>>>>>

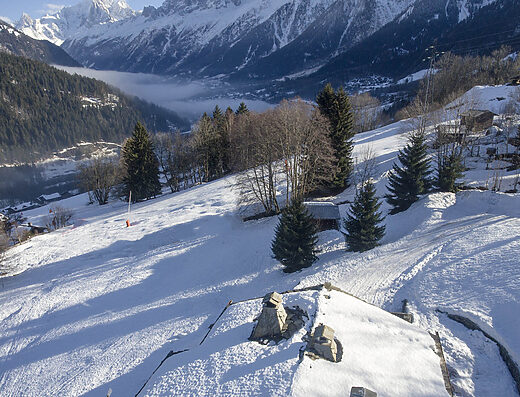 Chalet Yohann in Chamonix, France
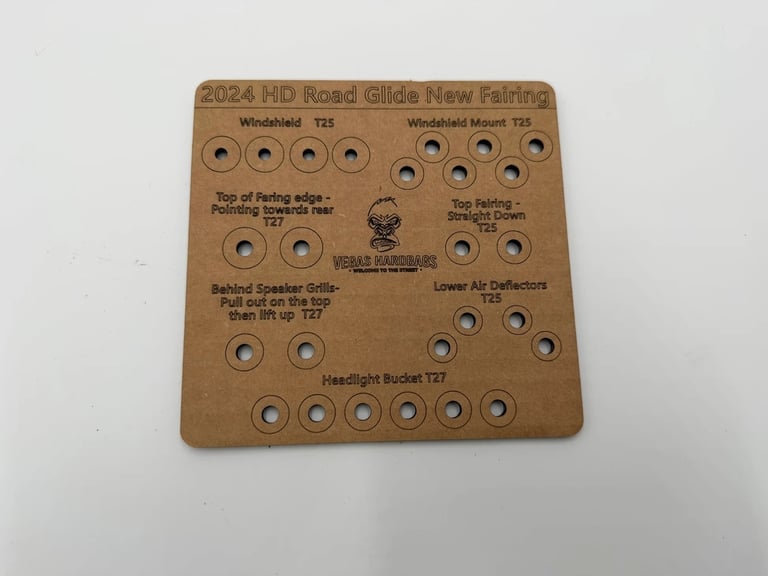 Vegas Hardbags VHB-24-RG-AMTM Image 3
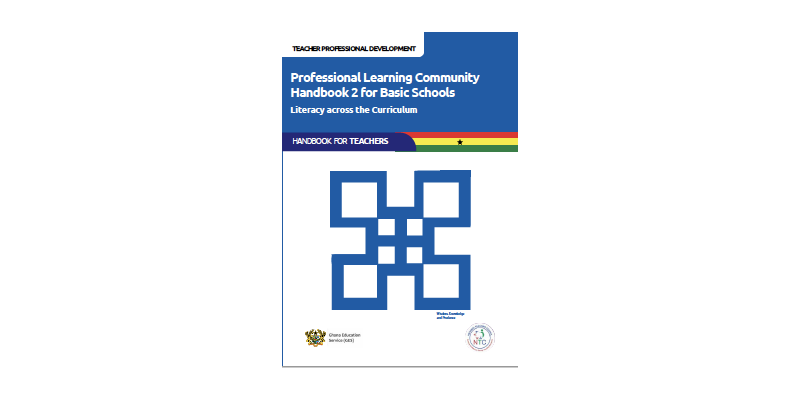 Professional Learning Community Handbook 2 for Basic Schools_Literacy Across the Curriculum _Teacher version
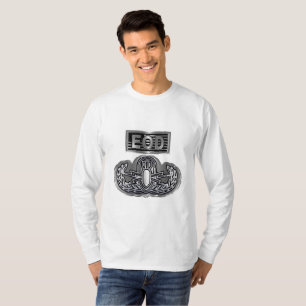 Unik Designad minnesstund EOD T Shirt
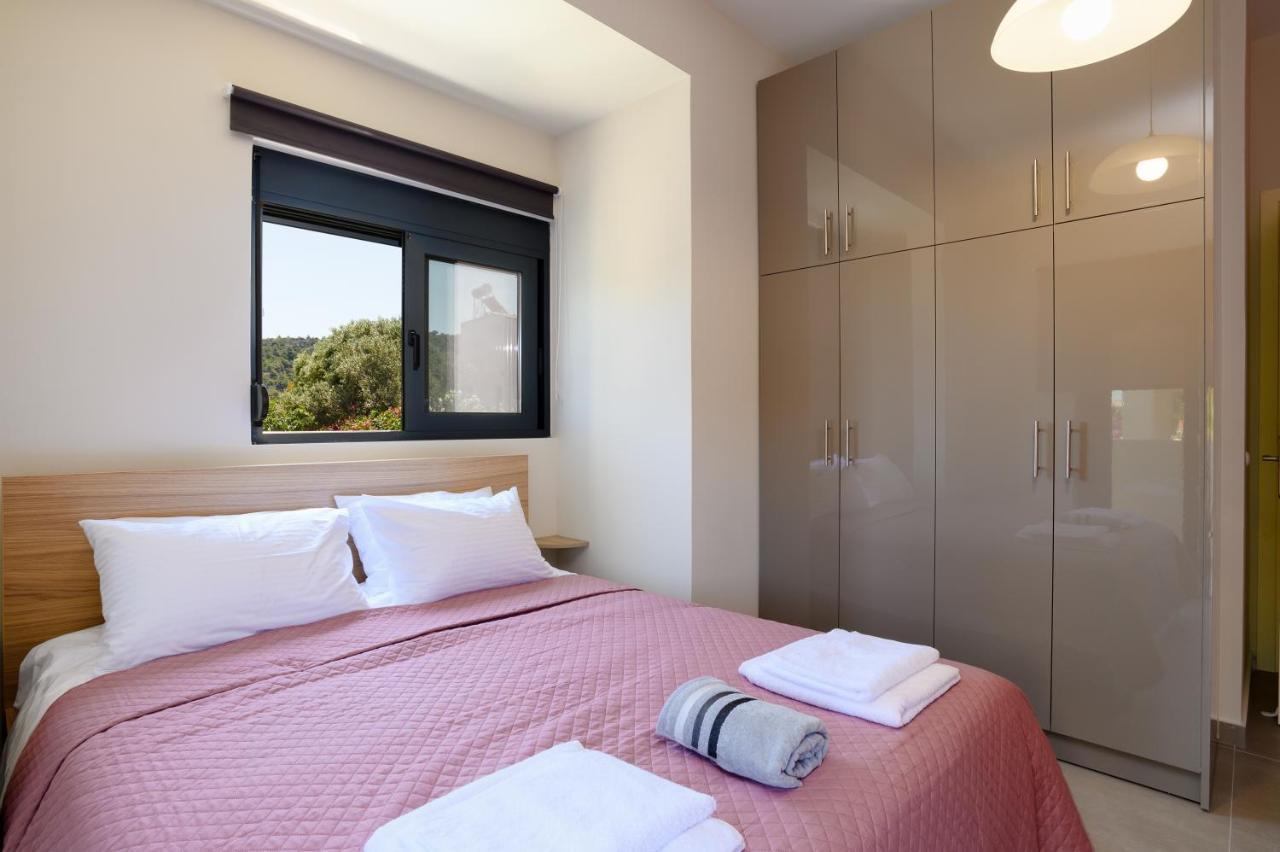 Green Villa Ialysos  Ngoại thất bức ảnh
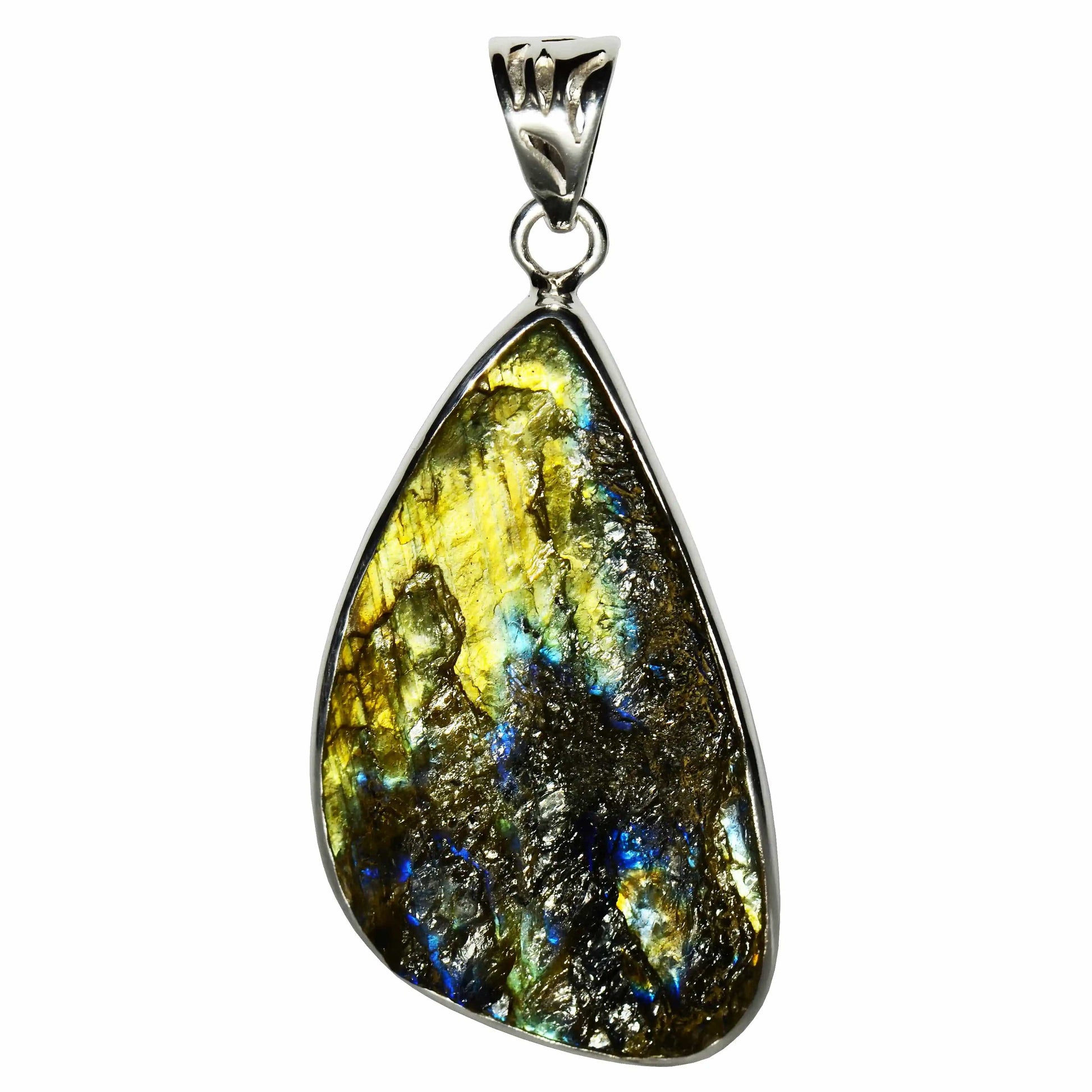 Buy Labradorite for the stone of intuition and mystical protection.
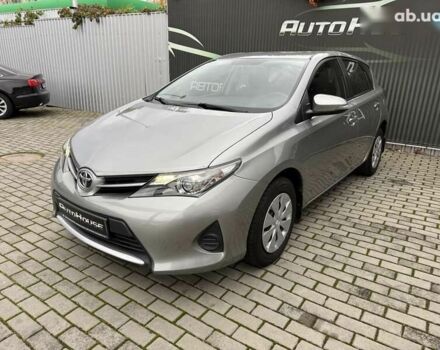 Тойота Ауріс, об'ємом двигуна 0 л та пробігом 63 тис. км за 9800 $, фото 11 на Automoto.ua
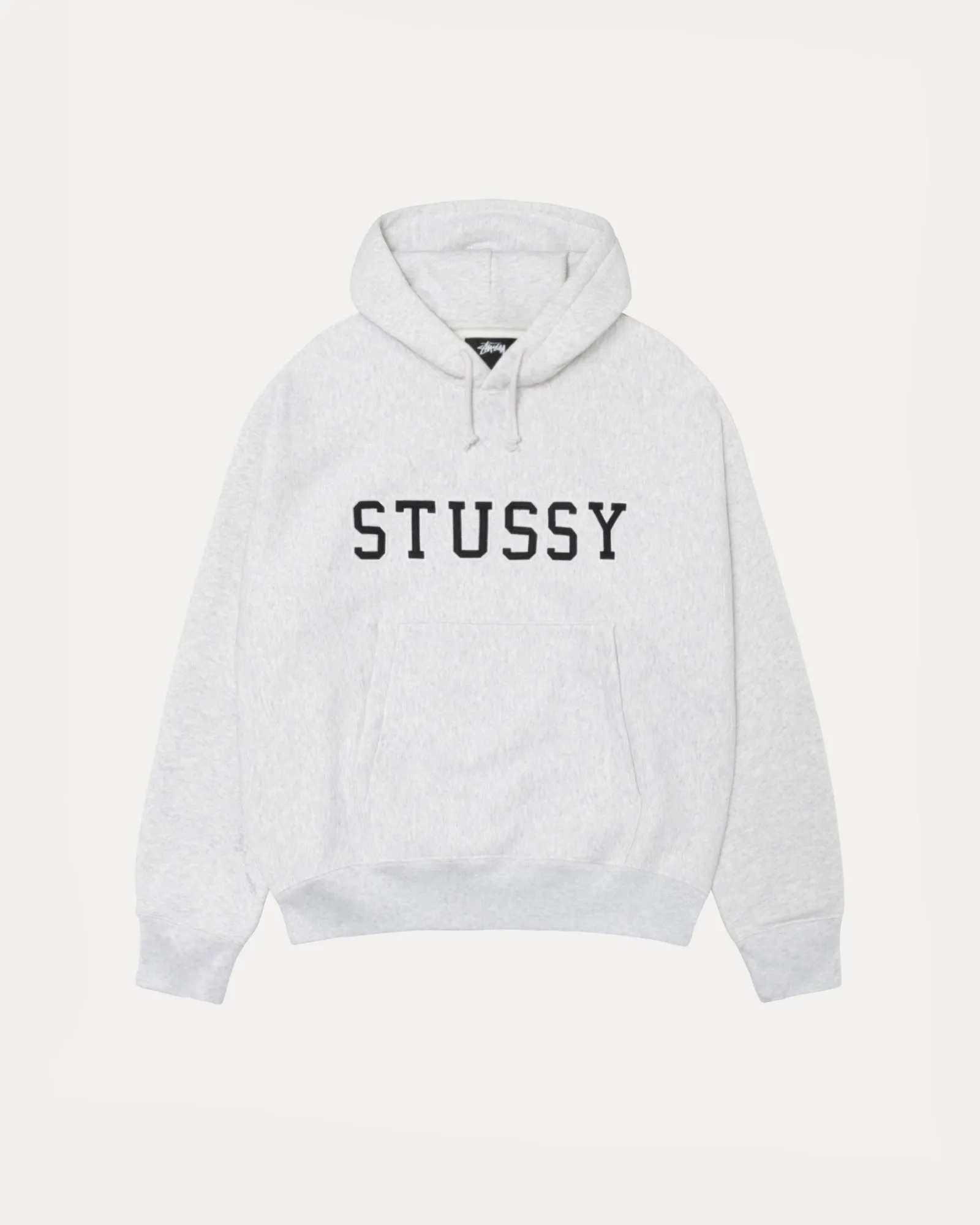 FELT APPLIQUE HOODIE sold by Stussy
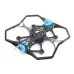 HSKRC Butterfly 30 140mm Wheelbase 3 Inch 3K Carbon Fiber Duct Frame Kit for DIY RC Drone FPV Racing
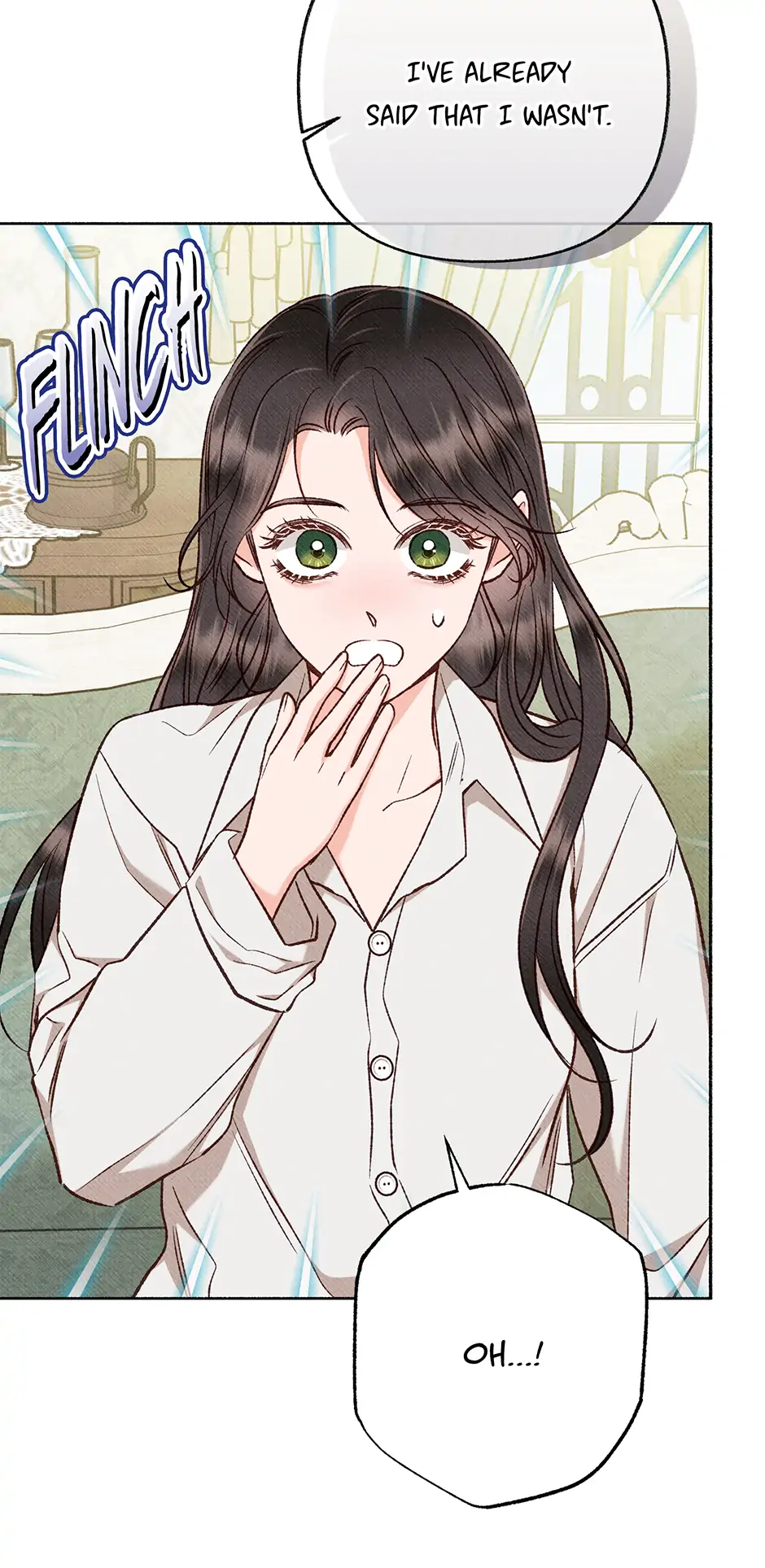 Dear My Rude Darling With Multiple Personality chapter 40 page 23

<<<<<

Copy out the material above exactly; the images stay out.

• Answer to this problem:
 Chalet Yohann in Chamonix, France
 Vegas Hardbags VHB-24-RG-AMTM Image 3
 Professional Learning Community Handbook 2 for Basic Schools_Literacy Across the Curriculum _Teacher version
 Unik Designad minnesstund EOD T Shirt
 Green Villa Ialysos  Ngoại thất bức ảnh
 Buy Labradorite for the stone of intuition and mystical protection.
 Тойота Ауріс, об'ємом двигуна 0 л та пробігом 63 тис. км за 9800 $, фото 11 на Automoto.ua
 FELT APPLIQUE HOODIE sold by Stussy
 HSKRC Butterfly 30 140mm Wheelbase 3 Inch 3K Carbon Fiber Duct Frame Kit for DIY RC Drone FPV Racing
 Dear My Rude Darling With Multiple Personality chapter 40 page 23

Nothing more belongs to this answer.